Nursing has been a bit of a challenge, and I can’t blame her, what with having to get used to three new teeth in such a brief period of time. Her latch is all wonky and she’s slipping down to nurse shallowly again, which is not optimal and is, quite frankly, cumulatively painful. We’re working on it. She’s has also developed a tendency to bite when she is really frustrated and at the end of her rope, which is not fun at all.

Also not fun: Getting one’s legs firmly wedged in the crib when one turns oneself crosswise, lifts the legs, and slots them in between the spindles. That’s what you get for having legs like turkey drumsticks, child! At her 9-month appointment, he doctor wrote down with great glee that Owlet now weighs 10 kg 38 gr (or 22 pounds and 2 ounces) at 28” tall, tracing her leap from ‘oh no, this baby isn’t gaining enough weight’ to ‘holy smokes, this child is plump and chunky and I love it’. She’s in the 96th percentile for weight (no kidding), and the 75th for height. I went back through Sparky’s records and discovered that he didn’t hit 22 lbs till he was a year old.
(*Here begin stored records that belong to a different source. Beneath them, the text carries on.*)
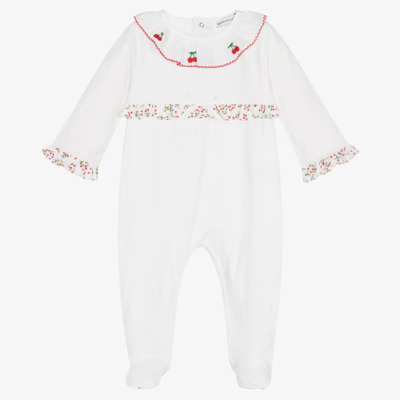 Beatrice & George Girls White Cotton Babygrow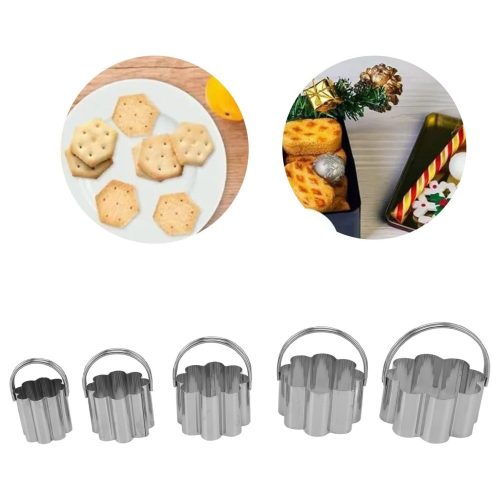 Fém pogácsa szaggató szett virágos- 5 db-os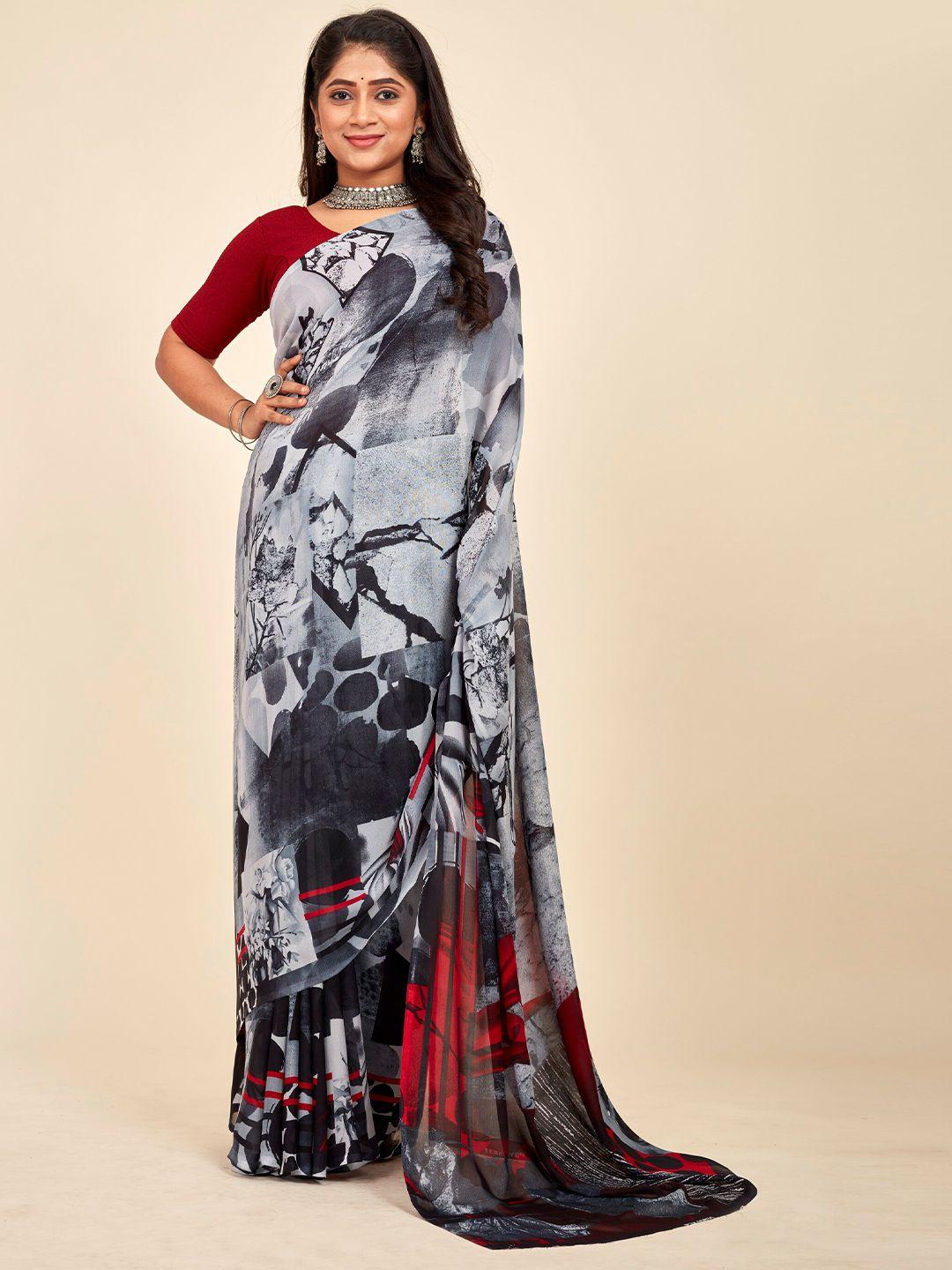 mahalasa grey & black embellished embroidered pure georgette saree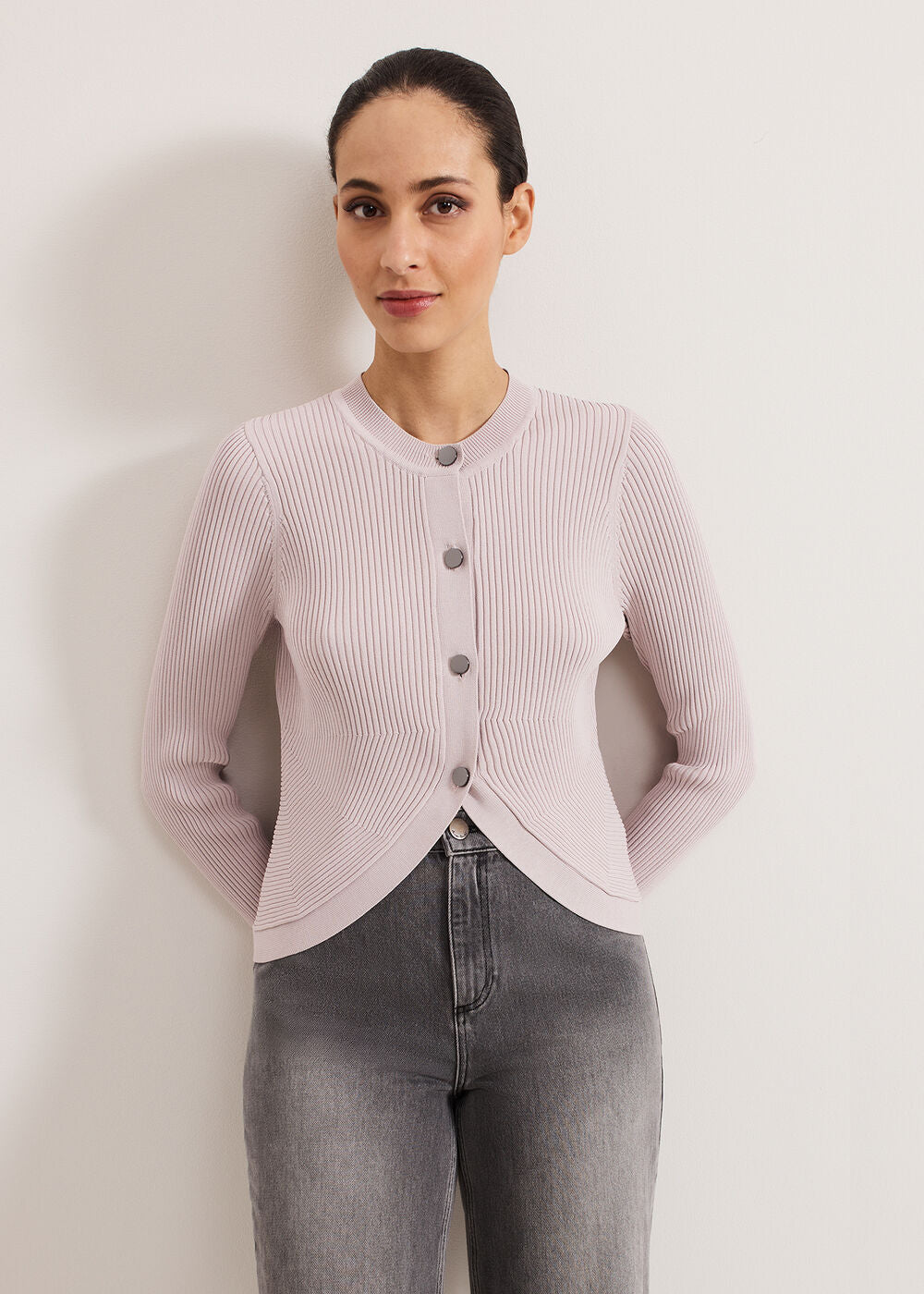 Sharna Button Shrug Stone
No wonder Owlet has blown past all her 9-12 month clothes. She’s firmly in 18-month size territory right now, although her shape is changing all the time, because her diapers fit differently each week — not too large or too small, just fitting differently as her body changes shape. That plus the mobility thing mean I’m turning to dresses a lot now, to leave her legs and feet bare so she can get a better grip on the floor to pull up or get around, and because then we don’t have to sort through the drawer to find pants that fit her that day.

In general, it feels like someone switched the baby to eleven. She’s slightly manic, quick to push and push and push and suddenly start crying if things go wrong or not according to her plans, or she just overwhelms herself. Gone are the days where she’d watch and think about things. Now she throws herself in, and damn the torpedoes. It’s exhausting for everyone. I’m looking forward to things settling down a bit when this round of developmental overdrive is, well, over.